** Dataset records follows **

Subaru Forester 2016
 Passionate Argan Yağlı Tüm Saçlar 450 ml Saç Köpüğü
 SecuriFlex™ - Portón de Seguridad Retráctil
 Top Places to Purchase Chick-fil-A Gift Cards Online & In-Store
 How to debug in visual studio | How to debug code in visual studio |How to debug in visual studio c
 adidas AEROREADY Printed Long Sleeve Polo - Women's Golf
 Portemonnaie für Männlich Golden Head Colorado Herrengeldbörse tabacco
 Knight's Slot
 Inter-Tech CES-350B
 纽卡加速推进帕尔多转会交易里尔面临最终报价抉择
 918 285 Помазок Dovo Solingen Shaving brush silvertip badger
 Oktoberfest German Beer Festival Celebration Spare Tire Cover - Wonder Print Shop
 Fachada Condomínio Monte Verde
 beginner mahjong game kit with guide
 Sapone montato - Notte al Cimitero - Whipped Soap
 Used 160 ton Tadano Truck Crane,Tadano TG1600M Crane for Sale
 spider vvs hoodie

** End of Dataset records **

• _What to produce_:
Beginning with the line containing "Used 160 ton" and ending with the last line of the listing above, return every line exactly and nothing else.

• _Result for this exercise_:
 Used 160 ton Tadano Truck Crane,Tadano TG1600M Crane for Sale
 spider vvs hoodie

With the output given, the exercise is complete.